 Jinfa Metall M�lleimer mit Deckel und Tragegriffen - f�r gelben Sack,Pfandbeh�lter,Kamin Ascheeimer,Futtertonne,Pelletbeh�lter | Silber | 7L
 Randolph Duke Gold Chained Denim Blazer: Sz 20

────────────────────────────────────────

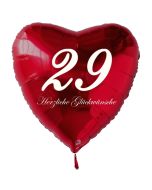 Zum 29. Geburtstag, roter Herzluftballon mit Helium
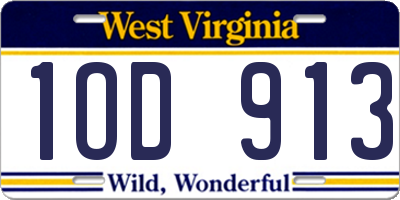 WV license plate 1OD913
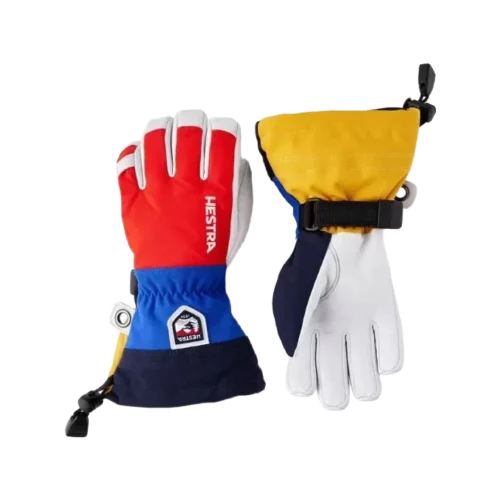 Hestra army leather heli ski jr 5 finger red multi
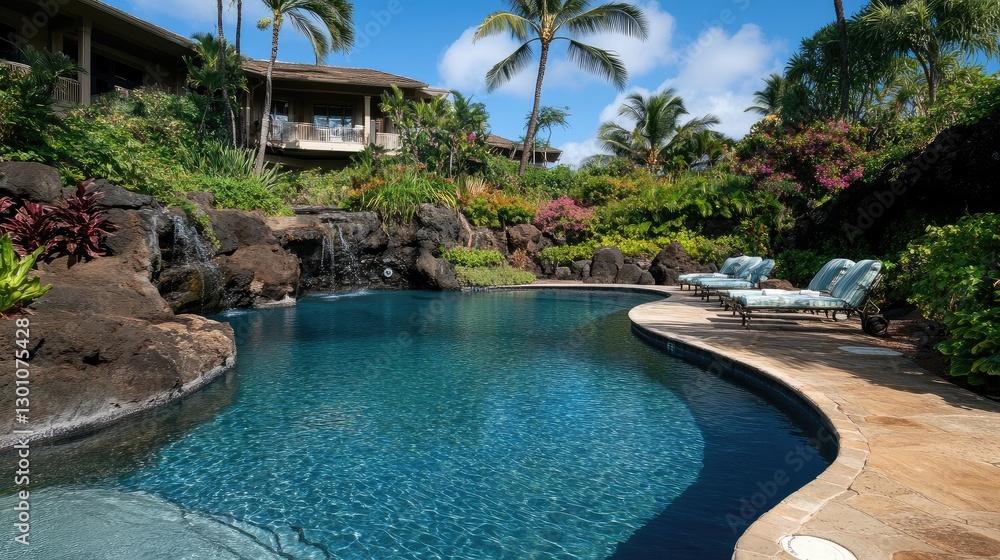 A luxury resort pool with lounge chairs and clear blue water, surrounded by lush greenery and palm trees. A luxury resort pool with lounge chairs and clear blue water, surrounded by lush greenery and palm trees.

────────────────────────────────────────

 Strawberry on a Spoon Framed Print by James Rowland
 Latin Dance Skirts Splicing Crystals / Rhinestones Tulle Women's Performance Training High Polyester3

────────────────────────────────────────

**Problem requirements**
Going by the data above, give back only the lines from the one containing "Hestra army leather" through the one containing "palm trees. A", exactly as they stand, both ends included and no images.

**Your solution**
 Hestra army leather heli ski jr 5 finger red multi
 A luxury resort pool with lounge chairs and clear blue water, surrounded by lush greenery and palm trees. A luxury resort pool with lounge chairs and clear blue water, surrounded by lush greenery and palm trees.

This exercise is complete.